What do you consider the year that the West was won?
In 1866 there were already three lever action rifles in use. The Henry, Spencer, and Winchester, all using large rimfire cartridges. All were practical and two had seen extensive military use from 1860 onward.
All remained in use as saddle guns and hunting rifles even after 1873 when the first center fire Winchester was introduced.
The 1866 rifle was carried by Sioux warriors in significant numbers in the infamous 1876 Custer's Last Stand.
I hardly think that the West was won with the Indian wars in full swing up until at least the1880s.

The Colt Paterson revolver was introduced in cap and ball form in 1836. Texas Rangers used them in the 1840s in their battles with local Indian tribes, replacing them in 1847 with the huge Walker, which was in turn replaced with the Dragoons. During the California Gold Rush 1849 Colt pocket revolvers were extensively carried by civilians. The 1851 Navy belt revolver was used by anyone who could get them including Wild Bill Hickok, who carried two. The Colt 1860, Remington Army, Starr, and many others were in use during and after the civil war. And the 1873 Colt SAA was in use on the frontier long before the "West Was Won".

So, your comment about lever actions and the Colt Peacemaker being invented too late is ridiculous.
 
A frugal heart and determined sprit are what won the West, tough people in difficult situations used what they had.

Hollywood likes to tie things up with a neat bow but reality of the times means a lot of firearms heading west were cheap European imports not the glam guns brands Colt/Winchester.
 
Lever actions and the Colt Peacemaker were invented after the west was won. Shotguns won the west. Along with muzzle loading rifles.
It all comes down to when the West was considered "won".
Kansas, Nevada, Oregon, Texas and Iowa all became states before the end of the Civil War.
Civil War ended April 9, 1865
First transcontinental railroad was completed at Promontory Point, Utah on May 10, 1869.
Smith & Wesson Russian .44 started production in 1870
Production of the Colt SAA started in 1873
Gunfight at OK Corral October 26, 1881
Nebraska, Colorado, North and South Dakota and Montana became states before 1890.
Sort of hard to pinpoint the date it was considered won. Consider, Oklahoma didn't become a state until 1907 and by then Harley Davidson and Ford Motor Company were in production.
 
The “white face” took the West from the Native-Americans with many different kinds of guns; the West was won with bows, arrows, knives and spears.
When the Indians won, it was a massacre - when the white face won, it was a victory - history is written by the victors!

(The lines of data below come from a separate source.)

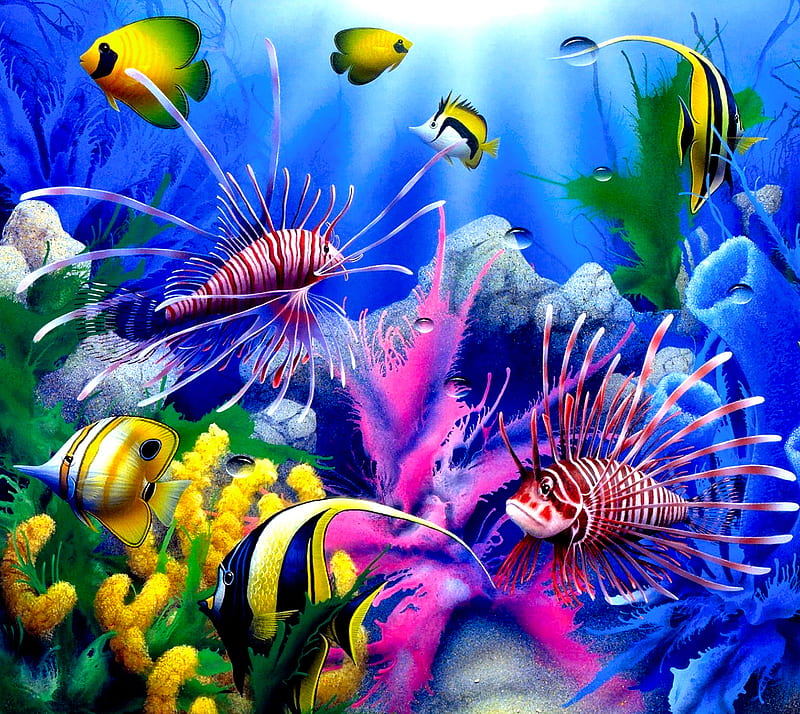 Aquarium, artwork, colors, fish new, paintet, underwater, HD wallpaper |  Peakpx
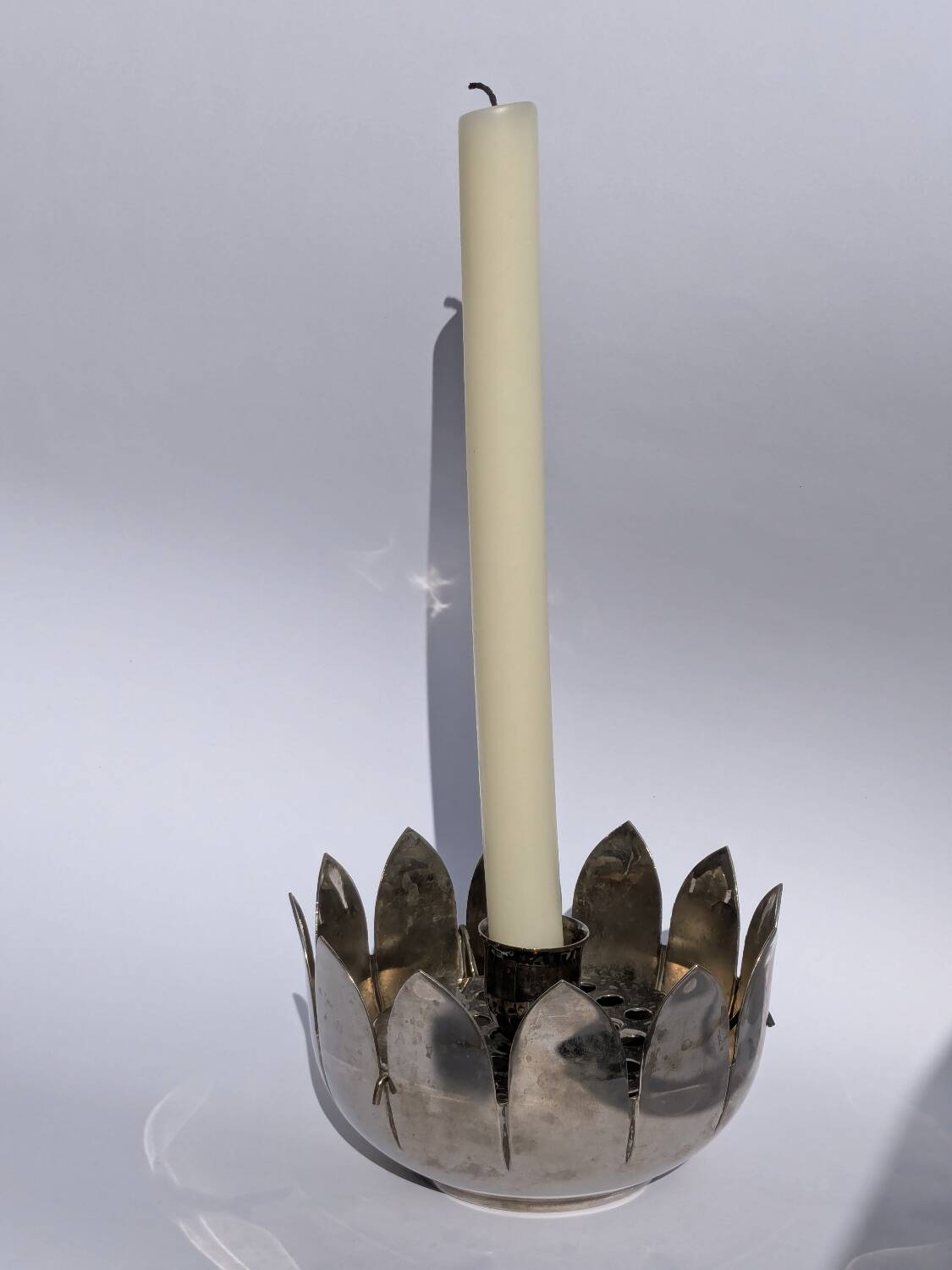 Vintage flower spike lotus candle holder
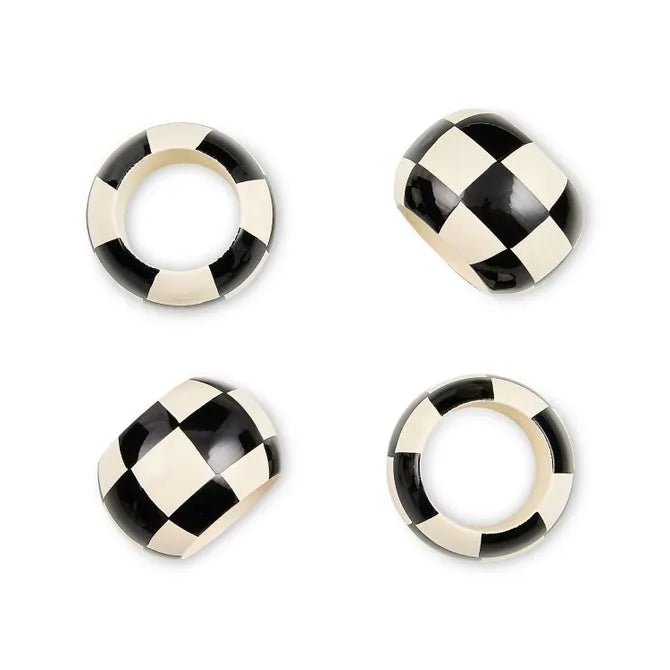 Black and White Check Wood Napkin Rings, Set of 4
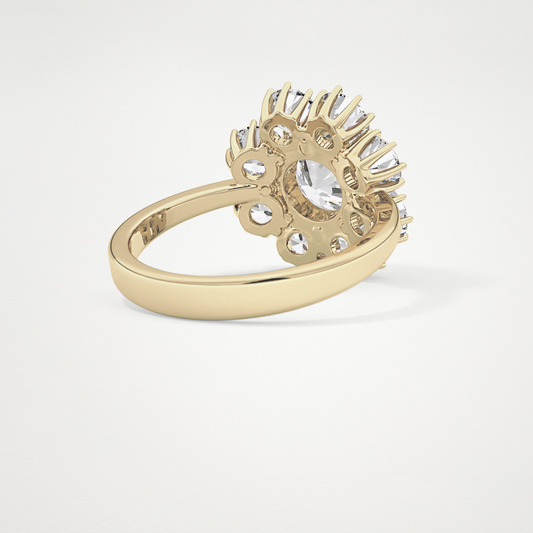 Round Cluster Lab Grown Diamond Engagement Ring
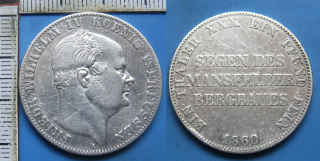 1860 A - 1 tolar, stříbro - Prusko, Friedrich Wilhelm IV., Segen Des Mansfelder Bergbaues, pěkný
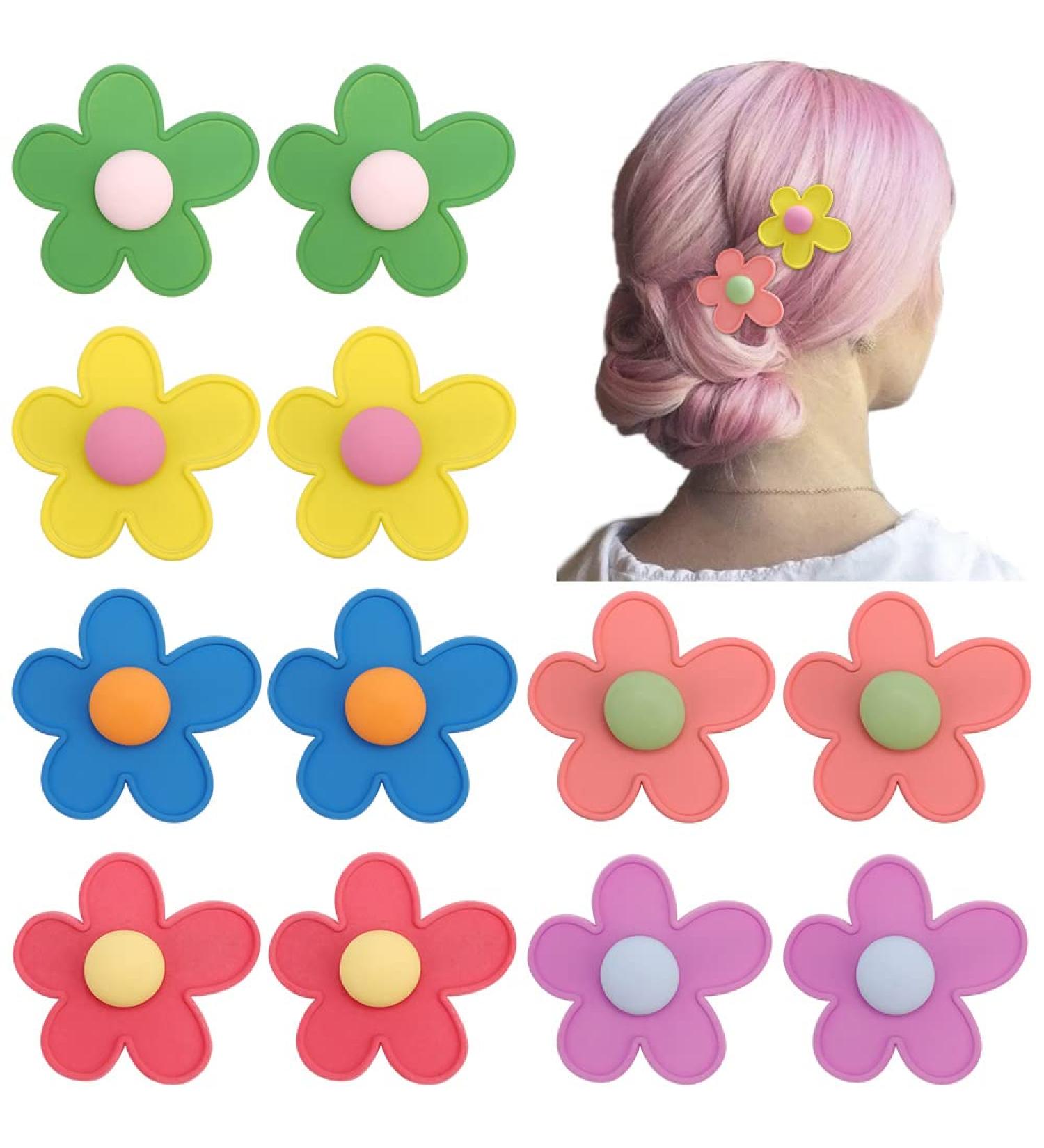 Ahoney 12Pcs Flowers Hair Clips for Women and Girls - Cute Alligator Clips and Barrettes Hair Pins in Multi-color Style - Hair Accessories for Kids - Buy Online on GoSupps.com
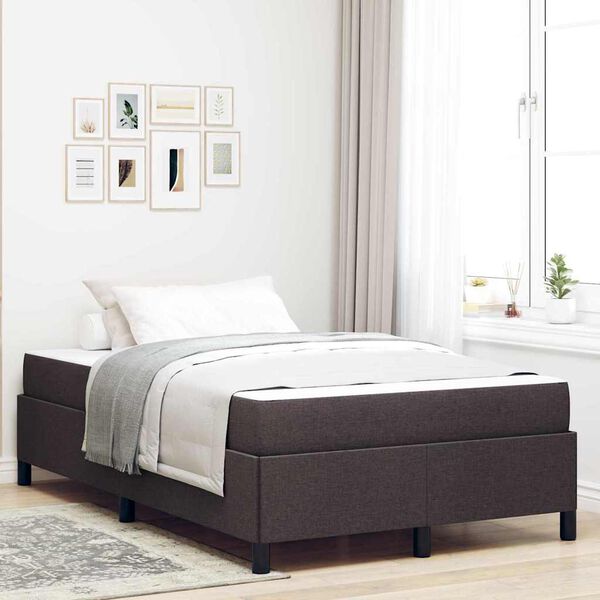 vidaXL Cama tipo Box Spring Marr&oacute;n Oscuro 120 x 190 cm tela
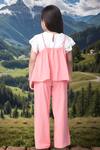 Shop_Samyukta Singhania_Pink Cotton Embroidery Salmon Peplum Top And Pant Set _at_Aza_Fashions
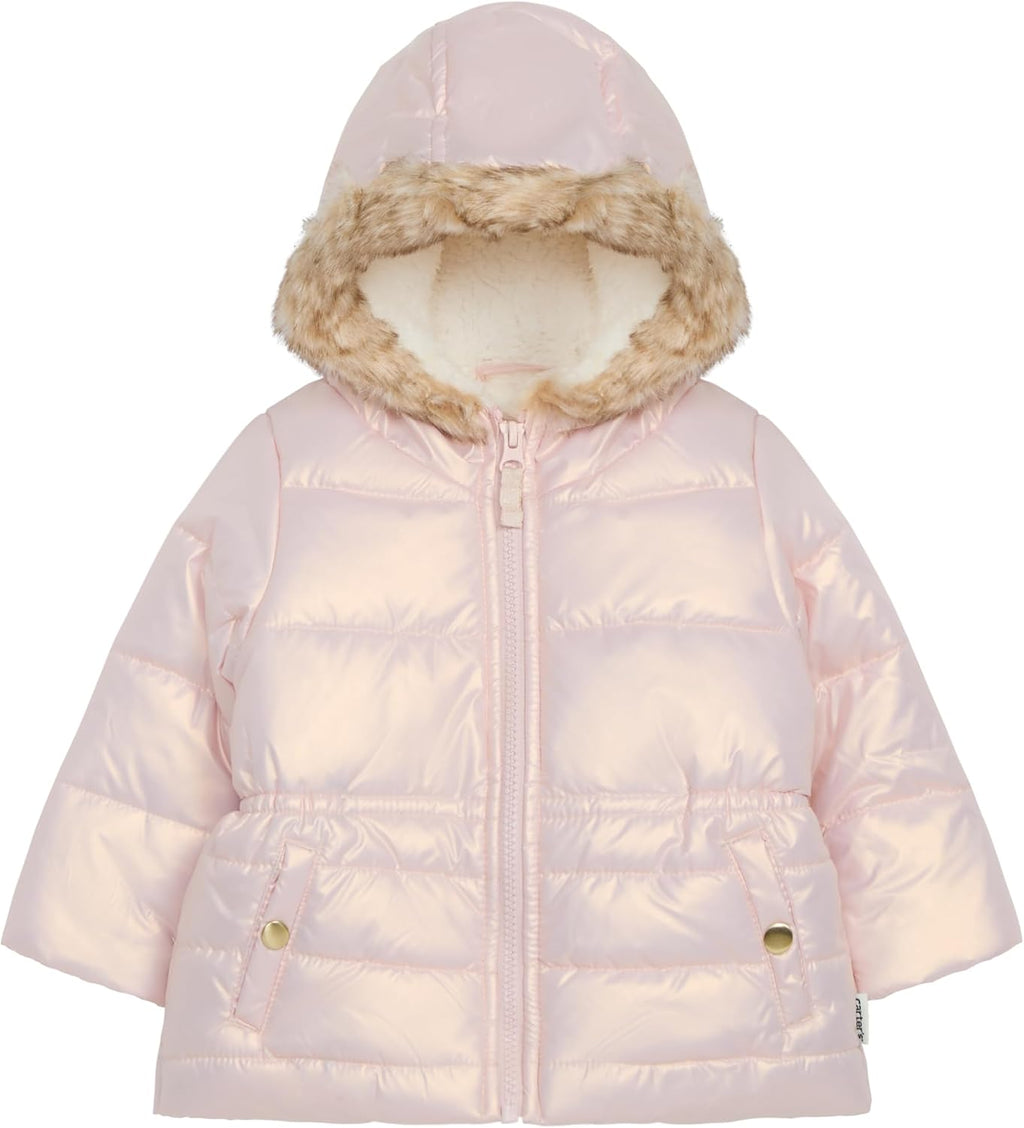 Girls' Winter Coat Puffer Jacket With Faux Fur Trimmed Hood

And just before the white settlers and army "won" the west from the Cheyenne and Lakota Sioux, those tribes had just "won" it from the Crow and Pawnee - which is why the Crow and Pawnee were often so willing to sign up as scouts or soldiers for the army.

There was a whole lot of winning and losing and misery going around.
 
Thinking of picking up some iconic pieces, guns that have a history - but shooters. My research has told me that the "deer rifle" and the rifle "that won the West" is the venerable Winchester lever. As far as hand gun I am thinking it has it might be the Peacemaker; but, I have not researched that yet. Any opinions?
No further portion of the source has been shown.